Our monthly column "In This Body" is comprised of true stories about sex, gender, the body, and love, written by Fiona George, for NAILED.
+ + +
Three days after the election, I was dropped off in my city’s airport five hours before my flight took off. It was the only time I could get a ride, and public transit was unreliable through downtown—through the protests, who knows how late they would go. I would have rather been protesting than flying to Hawaii for my cousins wedding, rather than rip myself over the ocean, away from where my heart was.

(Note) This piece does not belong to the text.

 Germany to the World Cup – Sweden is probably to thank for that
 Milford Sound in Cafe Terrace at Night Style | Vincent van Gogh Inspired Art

Three hours before I was at the airport, I was at a bar with some friends after our writers group. Three shots of whiskey, and half a beer in, shoving a vegan hotdog in my face. My throat was sore and I couldn’t stop laugh-coughing. Despite. Saying shit’s terrible, I don’t like being forced to have a good time, laugh-cough. A moment of joy over the 2008 hit song that played. A moment of community.
The night before that I was recovering from a cold, throat raw with cough, exhausted from trying to pack and shop for the trip in time to head downtown to take to the streets and scream my raw throat rawer with two thousand other protesters.
The night before that was Tuesday the 8th. I sent a text to my boyfriend at 7:30, when it was still early but the map was too red. This election is literally making me want to die. He said, don’t worry, he said Republicans always get the early states. He said she still had it. I stopped worrying and suggested we break out the good scotch when I got off work and the results were in, when Hillary had won.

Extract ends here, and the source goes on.